Akihiko Tanaka (Professor of International Politics, The University of Tokyo)
Akihiko Tanaka is Professor of International Politics at the Institute for Advanced Studies on Asia (IASA) at the University of Tokyo. He served as President of the Japan International Cooperation Agency (JICA) from 2012 to 2015. Prior to that, he was Vice President of the University of Tokyo (2011-2012), Executive Vice President of the University of Tokyo (2009-2011), and Director of the Division of International Affairs of the University of Tokyo (2008-2010). Professor Tanaka's specialties include theories of international politics, contemporary international relations in East Asia, and Japan's foreign policy. He has numerous books and articles in Japanese and English, including The New Middle Ages: The World System in the 21st Century (2002). Tanaka was a Member and Chair for the Abe Fellowship Program Committee from 1991 to 1996.

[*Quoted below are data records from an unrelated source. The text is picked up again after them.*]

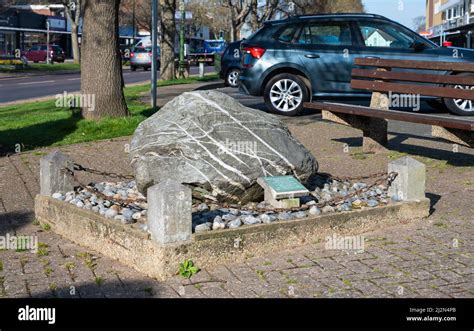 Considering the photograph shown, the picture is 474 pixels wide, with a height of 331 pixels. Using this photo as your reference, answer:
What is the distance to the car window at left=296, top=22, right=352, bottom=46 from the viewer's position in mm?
14852

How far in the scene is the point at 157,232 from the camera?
557 centimetres

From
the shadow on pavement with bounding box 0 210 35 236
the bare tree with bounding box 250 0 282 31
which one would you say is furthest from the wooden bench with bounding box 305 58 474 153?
the bare tree with bounding box 250 0 282 31

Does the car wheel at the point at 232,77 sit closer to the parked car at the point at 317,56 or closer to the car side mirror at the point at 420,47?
the parked car at the point at 317,56

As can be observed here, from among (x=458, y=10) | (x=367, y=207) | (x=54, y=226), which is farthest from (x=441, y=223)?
(x=458, y=10)

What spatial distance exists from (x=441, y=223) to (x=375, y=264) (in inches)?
56.2

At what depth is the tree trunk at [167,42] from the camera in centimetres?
2995

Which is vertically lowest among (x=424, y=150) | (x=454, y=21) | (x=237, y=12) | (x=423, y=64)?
(x=424, y=150)

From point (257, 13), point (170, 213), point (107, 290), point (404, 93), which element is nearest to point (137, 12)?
point (257, 13)

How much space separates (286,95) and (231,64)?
11134 mm

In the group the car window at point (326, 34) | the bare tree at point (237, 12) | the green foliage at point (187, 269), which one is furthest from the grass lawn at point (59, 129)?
the bare tree at point (237, 12)

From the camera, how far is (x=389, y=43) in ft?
47.6

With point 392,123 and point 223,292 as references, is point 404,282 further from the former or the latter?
point 392,123

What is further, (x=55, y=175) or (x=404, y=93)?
(x=404, y=93)

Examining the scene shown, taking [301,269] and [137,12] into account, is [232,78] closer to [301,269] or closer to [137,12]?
[301,269] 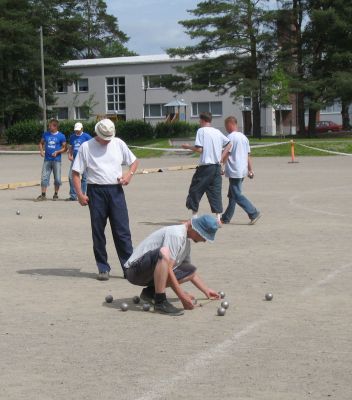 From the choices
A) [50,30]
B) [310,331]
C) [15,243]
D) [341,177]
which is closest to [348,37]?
[341,177]

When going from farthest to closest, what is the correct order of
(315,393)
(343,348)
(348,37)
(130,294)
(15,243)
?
(348,37) < (15,243) < (130,294) < (343,348) < (315,393)

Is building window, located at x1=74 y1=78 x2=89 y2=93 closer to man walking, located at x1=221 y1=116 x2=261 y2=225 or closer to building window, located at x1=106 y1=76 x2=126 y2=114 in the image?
building window, located at x1=106 y1=76 x2=126 y2=114

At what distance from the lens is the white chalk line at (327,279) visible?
28.5ft

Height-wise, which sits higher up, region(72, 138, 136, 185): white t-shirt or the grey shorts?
region(72, 138, 136, 185): white t-shirt

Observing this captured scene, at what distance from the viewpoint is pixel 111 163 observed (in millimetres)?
9656

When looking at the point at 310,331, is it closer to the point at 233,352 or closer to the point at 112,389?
the point at 233,352

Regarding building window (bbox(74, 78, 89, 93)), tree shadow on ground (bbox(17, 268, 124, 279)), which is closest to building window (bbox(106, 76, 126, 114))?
building window (bbox(74, 78, 89, 93))

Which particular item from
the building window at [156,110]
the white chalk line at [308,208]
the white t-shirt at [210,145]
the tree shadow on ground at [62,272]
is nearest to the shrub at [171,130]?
the building window at [156,110]

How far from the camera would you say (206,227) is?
7496mm

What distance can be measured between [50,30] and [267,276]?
82.7 metres

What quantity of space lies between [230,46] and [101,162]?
49.9m

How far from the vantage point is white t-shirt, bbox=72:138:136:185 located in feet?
31.5

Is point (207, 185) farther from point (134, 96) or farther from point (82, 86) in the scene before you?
point (82, 86)

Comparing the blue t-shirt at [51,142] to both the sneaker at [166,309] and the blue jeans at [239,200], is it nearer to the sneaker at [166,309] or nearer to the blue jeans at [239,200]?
the blue jeans at [239,200] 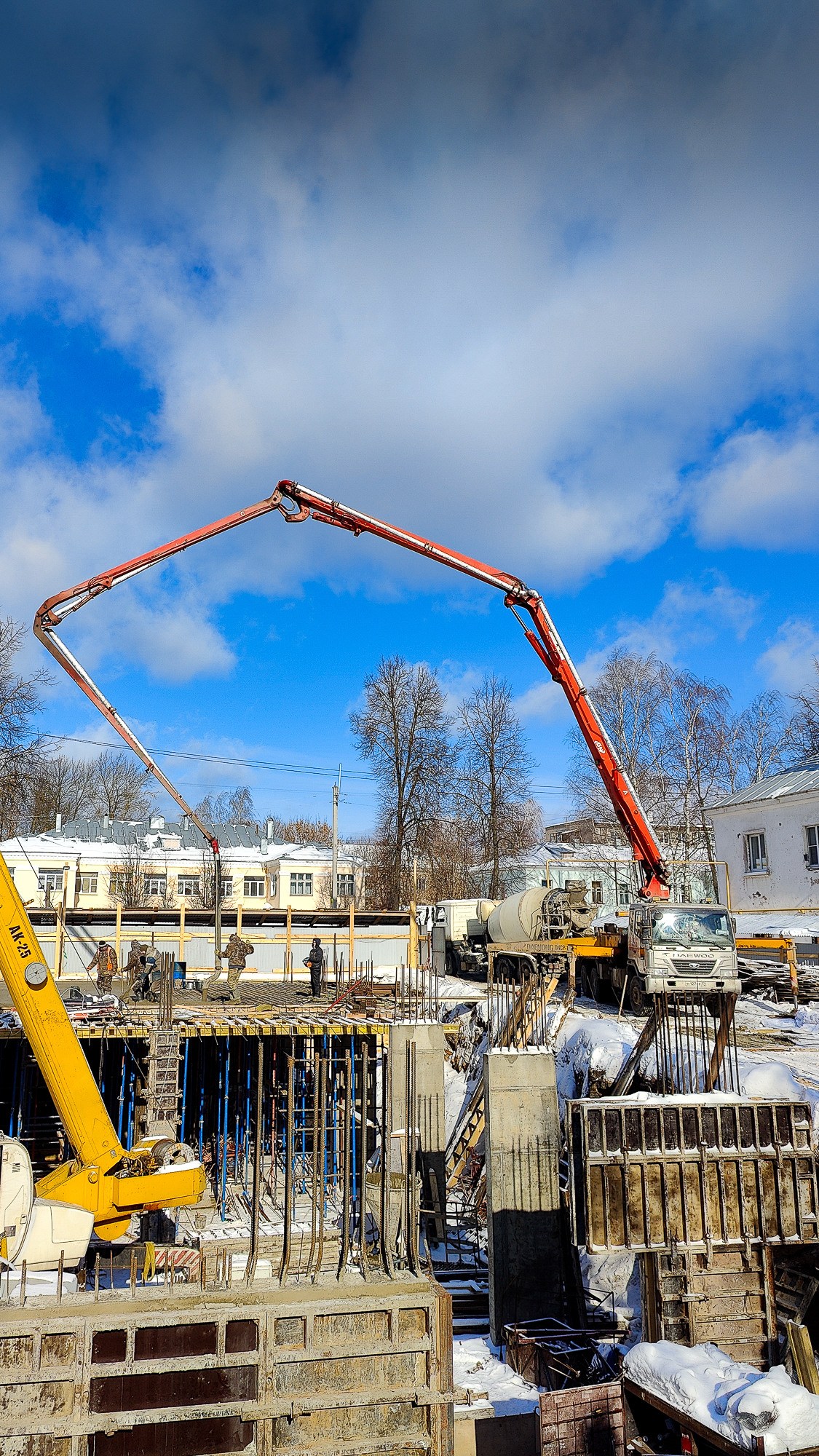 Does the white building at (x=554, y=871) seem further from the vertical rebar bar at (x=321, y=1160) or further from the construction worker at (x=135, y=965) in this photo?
the vertical rebar bar at (x=321, y=1160)

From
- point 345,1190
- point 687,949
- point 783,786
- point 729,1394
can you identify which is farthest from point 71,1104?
point 783,786

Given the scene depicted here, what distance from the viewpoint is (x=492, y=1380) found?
11.2 m

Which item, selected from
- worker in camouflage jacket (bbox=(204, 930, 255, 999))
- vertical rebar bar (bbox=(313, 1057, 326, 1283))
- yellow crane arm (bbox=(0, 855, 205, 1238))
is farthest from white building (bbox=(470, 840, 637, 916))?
vertical rebar bar (bbox=(313, 1057, 326, 1283))

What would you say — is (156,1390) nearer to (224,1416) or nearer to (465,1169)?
(224,1416)

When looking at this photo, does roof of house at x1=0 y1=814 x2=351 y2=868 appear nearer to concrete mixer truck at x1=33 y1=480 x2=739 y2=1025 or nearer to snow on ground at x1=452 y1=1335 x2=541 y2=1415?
concrete mixer truck at x1=33 y1=480 x2=739 y2=1025

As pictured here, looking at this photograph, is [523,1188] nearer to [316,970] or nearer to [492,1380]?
[492,1380]

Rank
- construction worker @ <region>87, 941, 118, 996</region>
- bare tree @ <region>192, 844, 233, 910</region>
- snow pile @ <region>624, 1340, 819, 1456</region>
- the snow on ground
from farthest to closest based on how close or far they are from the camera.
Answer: bare tree @ <region>192, 844, 233, 910</region> < construction worker @ <region>87, 941, 118, 996</region> < the snow on ground < snow pile @ <region>624, 1340, 819, 1456</region>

Sheila Smith (Senior Fellow for Japan Studies, Council on Foreign Relations
Sheila Smith is senior fellow for Japan studies at the Council on Foreign Relations (CFR) and an expert on Japanese politics and foreign policy. She is the author of Intimate Rivals: Japanese Domestic Politics and a Rising China (2015) and Japan's New Politics and the U.S.-Japan Alliance (2014). Her current research focuses on how geostrategic change in Asia is shaping Japan's strategic choices. In the fall of 2014, Smith began a project on Northeast Asian Nationalisms and Alliance Management. She joined CFR from the East-West Center in 2007, where she directed a multinational research team in a cross-national study of the domestic politics of the U.S. military presence in Japan, South Korea, and the Philippines. She teaches as an adjunct professor at the Asian Studies Department of Georgetown University and serves on the board of its Journal of Asian Affairs. Smith was awarded an Abe Fellowship in 2006.
Yoshihide Soeya (Professor of Political Science and International Relations, Keio University)
Yoshihide Soeya is Professor of Political Science and International Relations at the Faculty of Law of Keio University. He is the author of Japan's Economic Diplomacy with China, 1945-1978 (Oxford: Clarendon Press 1998) and Japan's Middle-Power Diplomacy (2005). He also co-edited Japan as a 'Normal Country'?: A Country in Search of its Place in the World (2011). His area of expertise includes politics and security in the Asia-Pacific Region, U.S.-China-Japan Relations, and Japan's external relations and diplomacy. He received his B.A. and Masters in International Relations from Sophia University and a Ph.D. in Political Science from the University of Michigan. Soeya was awarded an Abe Fellowship in 1992 and has also served as Chair of the Abe Fellowship Program Committee.